The narrator is Theodore T Everett (‘Teddy’ to his few friends), born in 1920, ‘rich as fuck’, the heir to a large and profitable firm of coffee manufacturers. In sentences which loop and curl around themselves, full of purposeful echoes and deliberate repetitions (‘the freckled red-haired nurse with the red hair and freckles’; ‘he stamped his angry English foot angrily in his anger’), Teddy speaks of wives, lovers, employees and, above all, his father, hugging close a prodigious hatred for the ‘quivering lump of man blubber’ who, we are told, ‘didn’t know shit from clay’. The scope is extensive but Everett makes for wearisome company and the prose, with all its feints and tics, soon grates.
Juan Pablo Villalobos’s Down the Rabbit Hole (And Other Stories 130pp £10) examines a life from a far earlier vantage point. Adopting the voice of a young boy named Tochtli, Villalobos gives us youth instead of age, innocence rather than gnarled experience.
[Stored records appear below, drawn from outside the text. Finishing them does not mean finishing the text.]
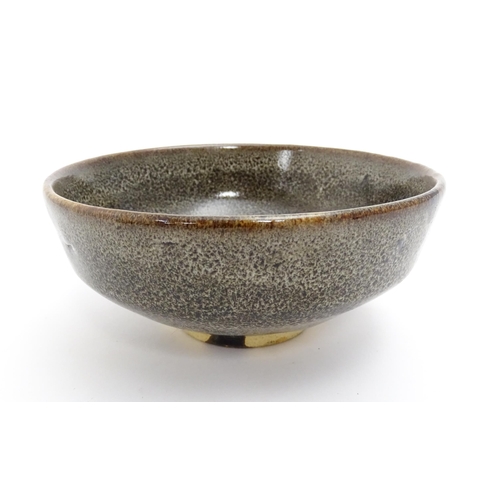 40A - An Oriental bowl with mottled glaze. Impressed Character marks under. Approx. 2 3/4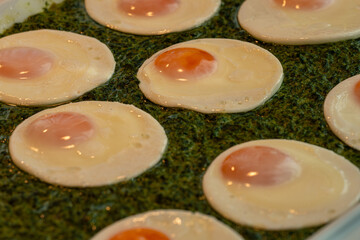 Photo of a sunny-side-up fried egg served on a bed of fresh green spinach. A healthy and vibrant dish perfect for breakfast menus, vegetarian meals, or clean eating concepts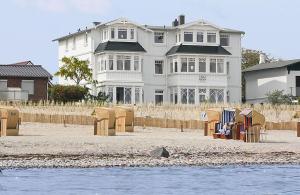 duży biały dom siedzący na plaży obok wody w obiekcie Villa Hansa am Meer w mieście Timmendorfer Strand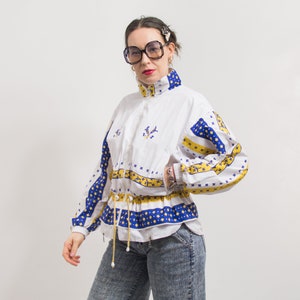 Vintage 90&#39;s jacket windbreaker floral print windbreaker women size M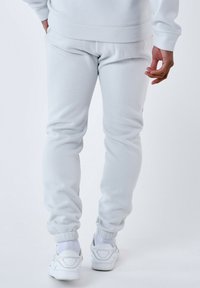 Lichtgrijze joggers van zacht materiaal met elastische boorden. Gecombineerd met witte sneakers en geribbelde witte sokken.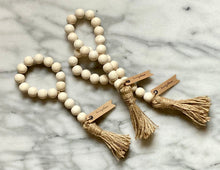 Load image into Gallery viewer, Three natural wood bead garlands for wine bottles on a marble surface.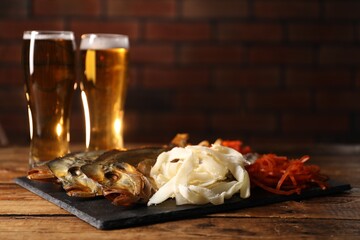 Different dried fish snacks and beer on wooden table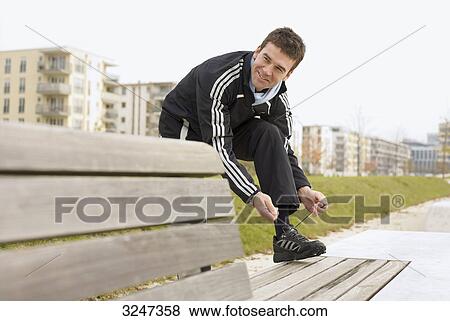 Stock Photo - Jogger tightening running shoe, horizontal format . Fotosearch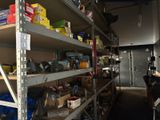 a room with a lot of boxes and boxes on the shelves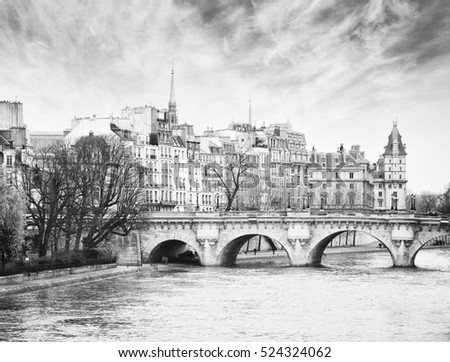 Pont Neuf in central Paris, France.  The Pont Neuf  is the oldest standing bridge across the river Seine in Paris.  Black and white.  Noise added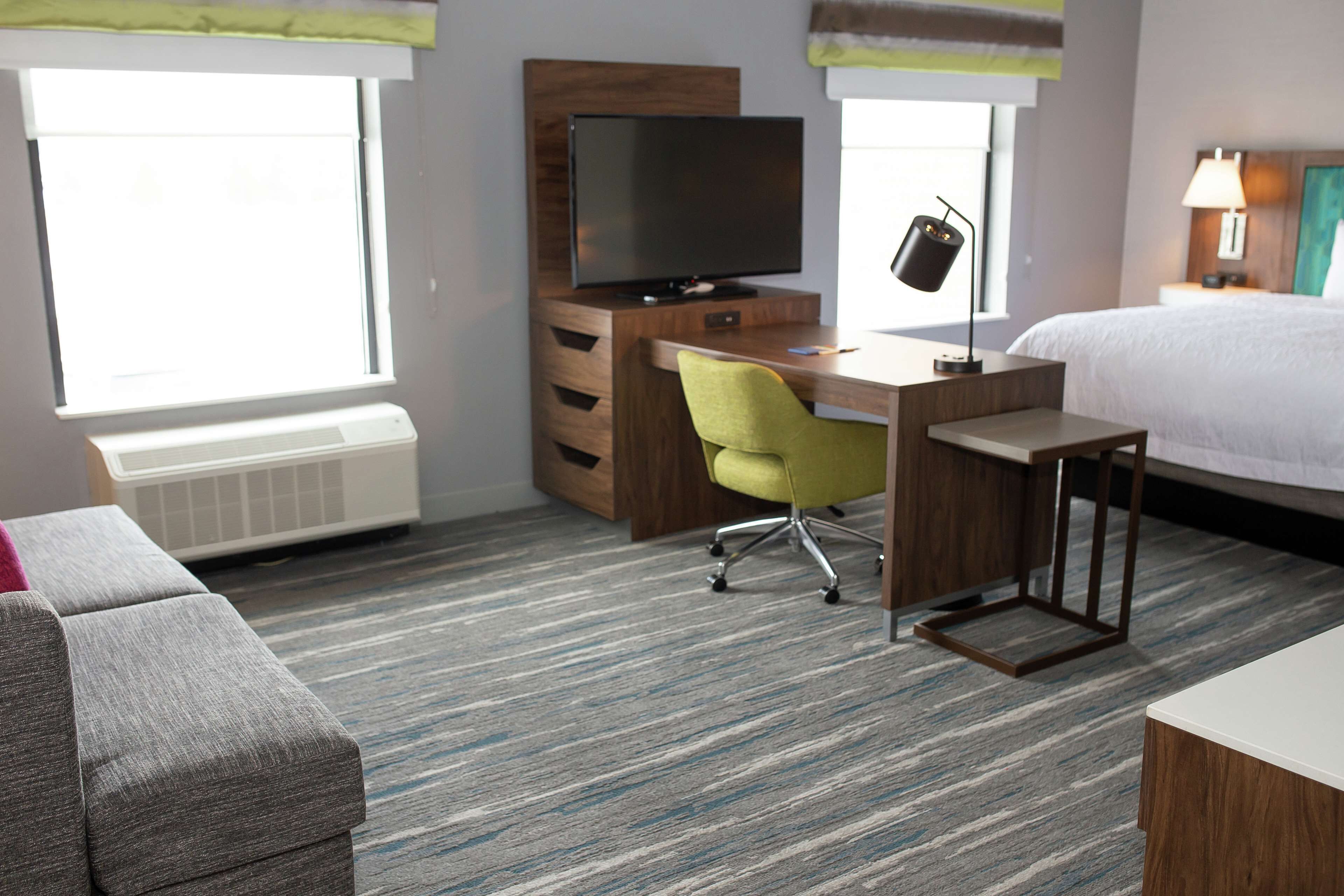 A hotel room with a bed, a desk with a chair, a television, and a window.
The boy in question lives with his father, some servants, a lion and two tigers in what appears to be a palace. An inquisitive child (‘every night before I go to sleep I read the dictionary’), his life seems weirdly out of kilter and it is only gradually that we come to comprehend his true situation – that his dad is a paranoid and murderous drug baron, their home a high-security compound in Mexico. When Tochtli remarks with relish that ‘100,000-dollar bills are the ones we like the most’ or that there are ‘lots of ways of making corpses’, we realise that while he might not yet really appreciate the significance of what he says, it is only a matter of time before he will come to understand. With fewer than 100 pages, the book is deft and ingenious, forming, as Adam Thirlwell remarks in his sprightly introduction, ‘a miniature high-speed experiment in perspective’. It has been translated from the Spanish by Rosalind Harvey and her glossary provides information which would have otherwise been lost to the monolingual – in particular that Tochtli means ‘rabbit’ in Nahuatl, Mexico’s main indigenous language, and that, suggestively, all of the book’s chief characters have ‘names that translate as some sort of animal’.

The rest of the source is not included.